OPINIóN
Actualizado 05/11/2016
Tomás González Blázquez

El 31 de octubre, más allá de tradiciones importadas e impostoras y más acá de la comercialización de la muerte S.A., en Salamanca debiera recordarnos un suceso que no consiste tanto en que El Mariquelo ascienda por la Torre de las Campanas de la Catedral, costumbre temeraria como muchas otras y aderezada con escaso acierto como algunas más, sino en que la ciudad vivió con terror el temblor de la tierra en el lejano 1755 y se prometió ser agradecida porque el susto no se tradujo en una masacre. Agradecida a Dios. ¿Celebra la Catedral el Te Deum en esta fecha? Si no es así, ¿podría plantearse el Cabildo su programación en el contexto además de una solemnidad tan relevante como la de Todos los Santos?

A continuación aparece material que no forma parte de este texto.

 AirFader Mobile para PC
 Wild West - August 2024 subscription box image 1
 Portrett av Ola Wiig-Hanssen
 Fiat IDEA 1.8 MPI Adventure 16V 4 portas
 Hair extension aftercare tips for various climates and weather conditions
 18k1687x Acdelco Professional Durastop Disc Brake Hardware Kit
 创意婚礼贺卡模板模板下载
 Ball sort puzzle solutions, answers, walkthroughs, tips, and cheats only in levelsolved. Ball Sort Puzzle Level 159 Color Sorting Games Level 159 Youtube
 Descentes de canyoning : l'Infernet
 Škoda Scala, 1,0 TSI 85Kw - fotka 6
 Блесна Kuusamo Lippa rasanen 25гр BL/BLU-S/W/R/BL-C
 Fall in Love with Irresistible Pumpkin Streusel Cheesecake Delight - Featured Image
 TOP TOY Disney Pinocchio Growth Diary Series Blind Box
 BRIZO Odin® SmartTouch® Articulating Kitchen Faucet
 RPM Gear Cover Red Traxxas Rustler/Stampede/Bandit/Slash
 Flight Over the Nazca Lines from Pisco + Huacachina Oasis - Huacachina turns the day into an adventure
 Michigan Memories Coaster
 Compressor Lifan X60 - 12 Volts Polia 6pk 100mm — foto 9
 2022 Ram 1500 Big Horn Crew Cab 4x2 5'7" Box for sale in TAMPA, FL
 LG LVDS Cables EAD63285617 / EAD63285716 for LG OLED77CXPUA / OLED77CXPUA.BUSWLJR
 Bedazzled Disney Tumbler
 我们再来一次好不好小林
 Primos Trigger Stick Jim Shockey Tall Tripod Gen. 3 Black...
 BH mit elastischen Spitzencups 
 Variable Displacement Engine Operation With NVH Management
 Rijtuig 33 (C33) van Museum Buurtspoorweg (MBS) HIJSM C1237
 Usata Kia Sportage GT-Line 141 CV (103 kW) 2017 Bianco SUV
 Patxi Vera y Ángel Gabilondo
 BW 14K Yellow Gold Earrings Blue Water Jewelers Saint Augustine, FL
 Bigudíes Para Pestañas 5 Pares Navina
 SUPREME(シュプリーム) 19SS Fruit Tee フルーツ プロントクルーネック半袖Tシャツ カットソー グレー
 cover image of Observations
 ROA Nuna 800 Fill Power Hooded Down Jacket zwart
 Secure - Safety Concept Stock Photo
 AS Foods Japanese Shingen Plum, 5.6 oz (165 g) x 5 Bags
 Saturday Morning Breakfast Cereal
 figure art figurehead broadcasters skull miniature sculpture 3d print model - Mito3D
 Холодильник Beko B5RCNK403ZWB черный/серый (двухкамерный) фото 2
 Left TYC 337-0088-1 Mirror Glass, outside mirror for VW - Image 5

Años más tarde, entre 1768 y 1771, se puso en práctica la propuesta del maestro francés Baltasar Devreton, traído a Salamanca tras sus exitosas soluciones llevadas a cabo en Córdoba y Granada ante situaciones similares provocadas o acentuadas por el seísmo lisboeta. Ciertamente, la Torre de las Campanas de la Catedral salmantina arrastraba problemas serios que cuestionaban la conveniencia de su mantenimiento. Los efectos del terremoto agravaron esas grietas e incrementaron las incertidumbres. Frente al parecer de los arquitectos consultados, Devreton sugirió medidas conservacionistas que reforzaran la edificación, y que, a costa de perder la esbeltez en sus porciones inferiores, se librasen las más altas. La silueta de la torre catedralicia es todo un símbolo de Salamanca como la fachada del Ayuntamiento o la de la Universidad. ¿Dónde tenemos una escultura o al menos una placa conmemorativa dedicada al maestro Devreton? ¿Los artífices de la arquitectura no merecen un recuerdo como los dedicados a otras artes? ¿No podrían tañer al unísono todas las campanas, con las de la Catedral, el Consistorio y la Universidad a la cabeza, como gratitud a la indulgencia divina y homenaje al ingenio humano?